17. Whisker Wars was a reality show that followed a group of American beard and mustache growers as they fought over who had the most epic beard to take out the title of Top Beard in the World Championship competition in Norway. It aired in 2011 and 2 seasons were produced.
18. In 1983, NBC launched a sitcom named Mr. Smith, which was about a talking orangutan named Mr. Smith who had an IQ of 256, who eventually went on to became an important political advisor. Only one season was aired.
19. In 1960, Inejiro Asanuma, who was chairman of the Japanese Socialist Party, was stabbed to death during a televised debate by a 17-year old with a samurai sword. The young militant nationalist rushed to the stage and stabbed Asanuma between the ribs on his left side, killing him.
20. In 1985, Richard Belzer on his talk show requested Hulk Hogan to demonstrate one of his signature wrestling moves. After being asked several times, Hogan put Belzer in a front headlock, which caused Belzer to pass out, drop to the floor and smash his head open. Belzer later sued Hogan for $5 million and settled out of court.
In 1984, British comedian Tommy Cooper had a heart attack and died on live television halfway through his act. Since his act consisted of failed magic tricks, the audience assumed it was part of his act and laughed/applauded during his final moments.
22. In 2008, an Indian news channel aired “The Great Tantra Challenge”, where a tantric practitioner named Surinder Sharma was challenged to kill a man named Sanal Edamaruku using only his tantric powers. After hours of trying, the tantric claimed that he could not kill him because the god he prayed to was protecting him.

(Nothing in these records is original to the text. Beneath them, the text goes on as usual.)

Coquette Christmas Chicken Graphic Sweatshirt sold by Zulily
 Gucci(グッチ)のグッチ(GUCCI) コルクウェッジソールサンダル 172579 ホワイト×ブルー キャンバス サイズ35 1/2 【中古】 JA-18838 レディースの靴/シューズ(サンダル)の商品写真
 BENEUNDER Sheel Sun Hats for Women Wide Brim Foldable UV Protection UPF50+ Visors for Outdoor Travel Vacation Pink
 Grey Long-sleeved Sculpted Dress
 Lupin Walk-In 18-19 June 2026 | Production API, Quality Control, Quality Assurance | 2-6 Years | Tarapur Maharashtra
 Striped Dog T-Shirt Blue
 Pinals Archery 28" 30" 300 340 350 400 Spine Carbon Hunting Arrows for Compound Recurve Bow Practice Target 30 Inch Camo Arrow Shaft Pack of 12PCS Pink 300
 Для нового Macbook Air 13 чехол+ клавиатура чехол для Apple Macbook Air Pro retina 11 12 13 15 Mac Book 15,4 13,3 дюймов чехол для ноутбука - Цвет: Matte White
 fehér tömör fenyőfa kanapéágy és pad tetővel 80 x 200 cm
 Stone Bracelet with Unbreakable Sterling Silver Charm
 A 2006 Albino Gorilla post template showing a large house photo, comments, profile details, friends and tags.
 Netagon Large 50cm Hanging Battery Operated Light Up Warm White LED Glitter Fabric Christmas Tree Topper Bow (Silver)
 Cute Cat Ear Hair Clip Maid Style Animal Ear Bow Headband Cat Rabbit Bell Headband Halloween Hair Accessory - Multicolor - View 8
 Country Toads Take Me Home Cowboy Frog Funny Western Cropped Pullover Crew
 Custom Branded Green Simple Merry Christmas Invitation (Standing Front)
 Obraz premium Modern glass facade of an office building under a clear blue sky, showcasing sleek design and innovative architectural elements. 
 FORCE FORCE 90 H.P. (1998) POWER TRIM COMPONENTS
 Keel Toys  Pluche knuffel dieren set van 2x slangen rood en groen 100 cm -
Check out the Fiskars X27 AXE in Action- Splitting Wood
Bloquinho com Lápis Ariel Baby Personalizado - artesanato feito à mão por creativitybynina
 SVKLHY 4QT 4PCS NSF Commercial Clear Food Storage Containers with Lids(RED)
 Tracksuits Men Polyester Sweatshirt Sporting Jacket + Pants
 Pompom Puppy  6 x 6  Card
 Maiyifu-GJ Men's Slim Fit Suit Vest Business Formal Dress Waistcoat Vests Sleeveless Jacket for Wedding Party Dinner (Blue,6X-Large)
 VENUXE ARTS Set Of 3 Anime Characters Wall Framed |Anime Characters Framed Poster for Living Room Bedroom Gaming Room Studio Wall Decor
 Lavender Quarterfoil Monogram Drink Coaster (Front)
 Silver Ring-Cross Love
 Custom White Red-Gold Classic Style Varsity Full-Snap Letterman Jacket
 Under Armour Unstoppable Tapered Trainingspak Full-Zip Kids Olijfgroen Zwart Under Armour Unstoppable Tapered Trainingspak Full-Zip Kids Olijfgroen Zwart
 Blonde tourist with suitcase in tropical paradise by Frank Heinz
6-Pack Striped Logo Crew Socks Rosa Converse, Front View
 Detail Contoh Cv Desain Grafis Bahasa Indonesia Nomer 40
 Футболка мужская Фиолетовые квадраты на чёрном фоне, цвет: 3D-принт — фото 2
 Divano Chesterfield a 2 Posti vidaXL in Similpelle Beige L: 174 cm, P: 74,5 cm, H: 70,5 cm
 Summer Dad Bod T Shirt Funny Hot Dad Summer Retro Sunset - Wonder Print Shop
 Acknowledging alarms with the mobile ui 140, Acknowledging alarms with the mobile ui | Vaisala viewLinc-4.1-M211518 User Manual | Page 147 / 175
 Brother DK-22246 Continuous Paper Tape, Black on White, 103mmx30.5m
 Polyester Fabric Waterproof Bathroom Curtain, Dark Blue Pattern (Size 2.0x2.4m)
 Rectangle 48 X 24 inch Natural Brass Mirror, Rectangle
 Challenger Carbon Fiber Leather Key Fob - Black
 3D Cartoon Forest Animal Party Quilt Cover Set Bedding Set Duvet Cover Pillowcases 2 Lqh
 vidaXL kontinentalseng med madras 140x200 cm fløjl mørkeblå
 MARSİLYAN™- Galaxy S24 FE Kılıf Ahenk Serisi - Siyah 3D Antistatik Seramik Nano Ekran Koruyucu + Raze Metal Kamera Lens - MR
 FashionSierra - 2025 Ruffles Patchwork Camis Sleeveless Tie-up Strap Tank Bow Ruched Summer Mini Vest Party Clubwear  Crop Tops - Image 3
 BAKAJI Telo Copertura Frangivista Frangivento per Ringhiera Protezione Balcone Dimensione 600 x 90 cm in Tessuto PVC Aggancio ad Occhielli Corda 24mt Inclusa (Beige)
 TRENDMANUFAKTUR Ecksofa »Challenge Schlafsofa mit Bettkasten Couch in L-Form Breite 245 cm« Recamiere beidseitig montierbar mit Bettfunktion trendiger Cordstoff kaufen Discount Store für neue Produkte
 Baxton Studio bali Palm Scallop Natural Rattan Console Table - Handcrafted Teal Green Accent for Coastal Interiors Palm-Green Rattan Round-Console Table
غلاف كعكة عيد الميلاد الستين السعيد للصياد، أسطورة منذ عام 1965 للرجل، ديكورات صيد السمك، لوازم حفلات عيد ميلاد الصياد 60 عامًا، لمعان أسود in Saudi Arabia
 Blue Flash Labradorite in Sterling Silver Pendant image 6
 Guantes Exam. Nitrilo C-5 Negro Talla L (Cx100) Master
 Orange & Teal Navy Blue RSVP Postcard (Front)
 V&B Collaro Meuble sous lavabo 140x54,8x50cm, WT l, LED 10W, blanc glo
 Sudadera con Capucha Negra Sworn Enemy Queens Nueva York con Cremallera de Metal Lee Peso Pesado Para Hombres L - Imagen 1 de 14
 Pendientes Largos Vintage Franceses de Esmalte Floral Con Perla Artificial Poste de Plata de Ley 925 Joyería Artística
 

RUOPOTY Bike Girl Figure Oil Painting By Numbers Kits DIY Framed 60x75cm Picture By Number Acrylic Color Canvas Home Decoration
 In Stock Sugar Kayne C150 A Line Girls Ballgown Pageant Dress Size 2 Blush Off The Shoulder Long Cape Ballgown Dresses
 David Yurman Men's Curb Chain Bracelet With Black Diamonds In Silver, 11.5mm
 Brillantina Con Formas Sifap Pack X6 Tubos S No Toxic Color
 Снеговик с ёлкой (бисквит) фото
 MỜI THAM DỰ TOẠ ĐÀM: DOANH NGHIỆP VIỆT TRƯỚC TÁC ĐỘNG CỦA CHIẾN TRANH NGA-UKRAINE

Edamaruku replied that he was an atheist.
23. In 1974, Florida Newscaster and TV personality Christine Chubbuck killed herself with a pistol on live TV. Her last words were, “And now, in keeping with Channel 40's policy of always bringing you the latest in blood and guts, in living color, you're about to see another first - an attempted suicide.”
24. In 1956, the TV game show “I Have a Secret” featured a special guest, Samuel J. Seymour, who was the last living person to have witnessed the assassination of Abraham Lincoln. Seymour was 5 when he was taken to the theater the night Lincoln was shot and saw John Wilkes Booth jump off the balcony and break his ankle.
25. On December 22, 1989, Romanian dictator Nicolae Ceausescu, along with his wife Elena was executed by a firing squad. A TV crew was present to record the execution and aired the footage on Romanian television on Christmas Day in 1989.